Once the line holding "tutata 40Pcs 3" is found in the listing below, write it out and each later line exactly, up to and including the one holding "Black rope fitness".
[DATA IN THIS EXERCISE]
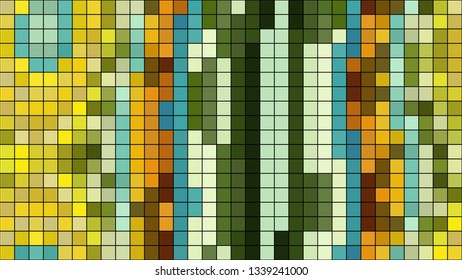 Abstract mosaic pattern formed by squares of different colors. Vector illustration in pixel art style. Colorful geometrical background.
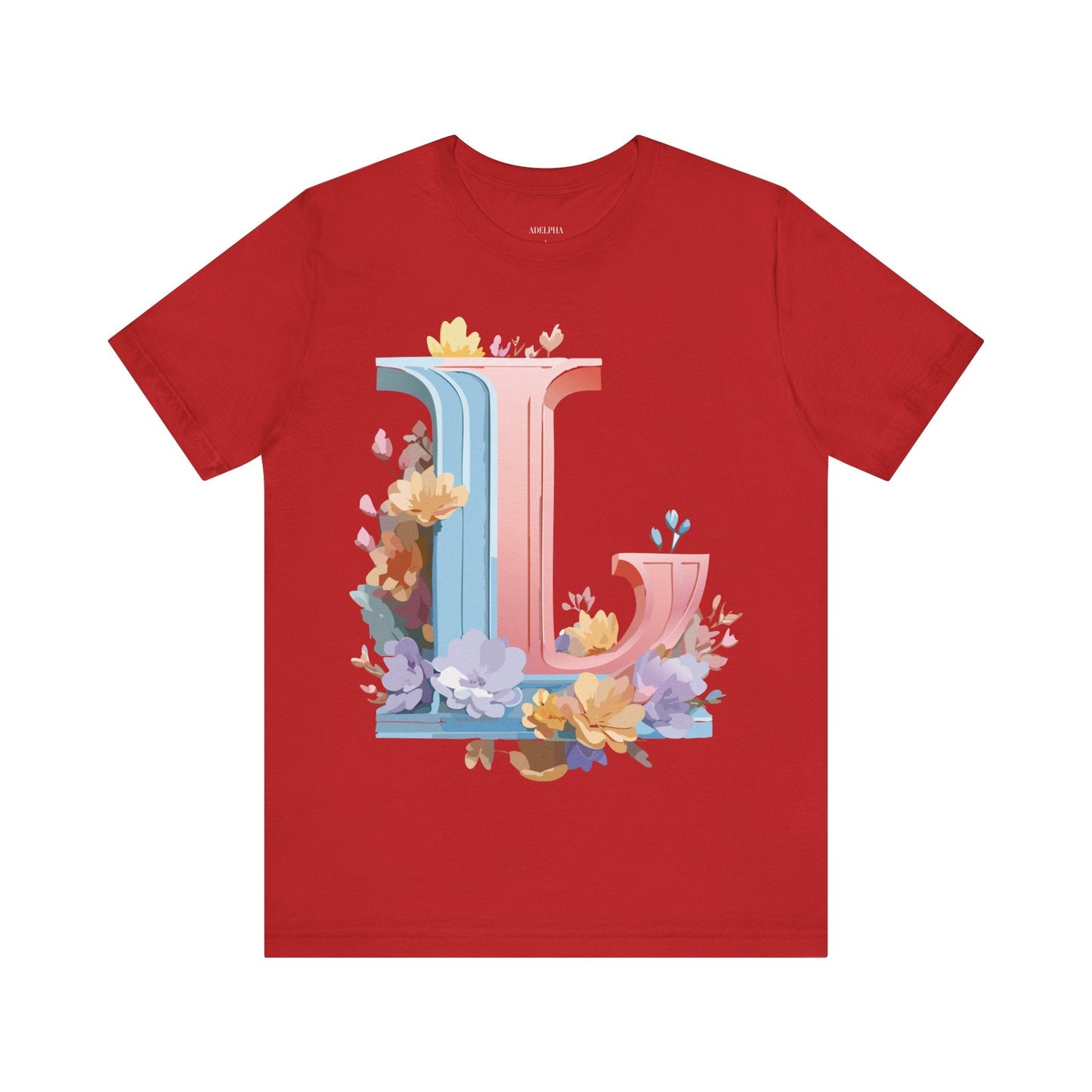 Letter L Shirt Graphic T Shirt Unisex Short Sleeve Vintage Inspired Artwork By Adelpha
[/DATA IN THIS EXERCISE]
[DATA IN THIS EXERCISE]
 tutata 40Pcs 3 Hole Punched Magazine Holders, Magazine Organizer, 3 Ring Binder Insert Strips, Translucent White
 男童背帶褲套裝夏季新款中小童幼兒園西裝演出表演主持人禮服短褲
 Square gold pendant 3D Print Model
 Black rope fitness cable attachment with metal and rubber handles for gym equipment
[/DATA IN THIS EXERCISE]
__ANSWER FOR THIS EXERCISE__
 tutata 40Pcs 3 Hole Punched Magazine Holders, Magazine Organizer, 3 Ring Binder Insert Strips, Translucent White
 男童背帶褲套裝夏季新款中小童幼兒園西裝演出表演主持人禮服短褲
 Square gold pendant 3D Print Model
 Black rope fitness cable attachment with metal and rubber handles for gym equipment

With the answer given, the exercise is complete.